Performance Comparison of Alpha and Intel NT Systems using DCPI
Xiaolan (Catherine) Zhang, Harvard University
Introduction
I am a third year Ph.D. student at Harvard University where I work
with Brad Chen on the Morph project. Morph is a system that aims to
provide a framework for automatically monitoring and optimizing
software that runs on an end user's computer. I have developed the
Morph Continuous Monitor that monitors the execution of the
application by sampling the PC (program counter) of the executable.
The samples collected by the Monitor are then fed to a profile-driven
optimizer.
I was an intern from August 23 to November 21; Mark Vandevoorde was my
host. I chose SRC for internship because of its excellence in
computer science research and the high reputation of its intern
program.
SRC project
While at SRC, I worked on comparing an Alpha 21164 (Miata) NT system
with a PentiumII NT system using the DCPI (Digital Continuous
Profiling Infrastructure) tools. The goal was to
figure out why some applications run faster on one system than the
other and try to look for ways to improve applications running on the
Alpha NT system.
Experimental Setup
The two systems we compared were a 500 MHz Alpha 21164 EV56 (Miata)
system and a 266MHz PentiumII system. The applications we studied were
the BAPCo SYSmark NT4.0, Aladdin ghostscript 5.0.3, and MicroSoft
SQLServer 6.5 running the TPC-B benchmark as the workload.

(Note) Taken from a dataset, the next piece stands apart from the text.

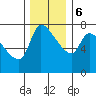 Tide chart for Eagle Cliff, Columbia River, Washington on 2023/12/6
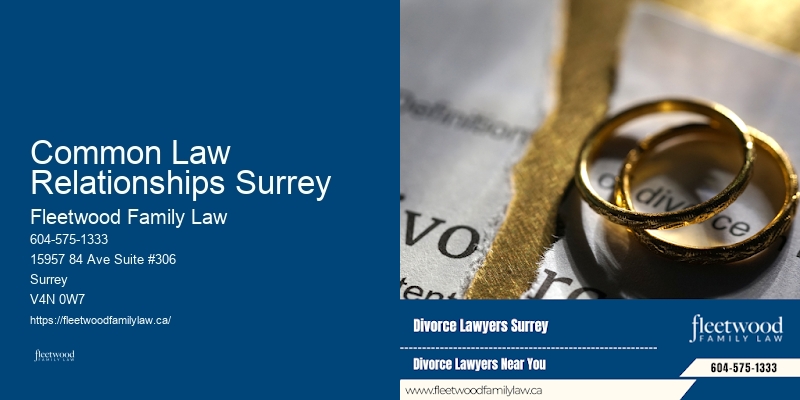 Property Dispute Resolution Common Law Relationships Surrey BC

For performance analysis, we used the aggregate event counts collected
using DCPI and the DCPI tools that provide instruction level stall
analysis (Alpha version only). Ntprof was used to discover unaligned
loads. For (manual) optimizations, we used the NT Atom
instrumentation tool to perform binary rewriting.
Results
Overall performance
In terms of running times of the benchmarking programs, the
performance of the two systems are pretty close except for Ghostscript
and PowerPoint. For Ghostscript, the Miata is much faster. PowerPoint is
a 16-bit Windows application and is interpreted on Alpha, which
results in a much slower running time.
One interesting finding is that the number of PentiumII micro-ops (one
Intel CISC instruction is decoded into RISC-like micro-ops before
execution) and the number of Alpha RISC instructions are pretty
comparable. For system code, the number of PentiumII micro-ops are
consistenly larger by a small fraction.
We also discovered that for the BAPCo SYSmark programs, the
instruction cache performance for PentiumII system is much better than
the Alpha, which is responsible for a large fraction of the
stalls for Excel and Word.
For SQLServer 6.5, both systems performed similarly because the server
was not CPU-bound. We also discovered that the Alpha version was
compiled for debugging!
Detailed Examples
- Case 1: We identified an unaligned load in ghostscript for Alpha NT
that is responsible for 29% of the total cycles, and we worked with Peter
Deutsch to fix the problem. The fix will appear in the next release
of Alladin Ghostscript.
- Case 2: We identified a misuse of mb instruction in the Alpha mga
device driver which is responsible for 16% of the total cycles for
ghostscript. A driver that is optimized for Alpha can be downloaded
from the Digital Web site which fixes this problem.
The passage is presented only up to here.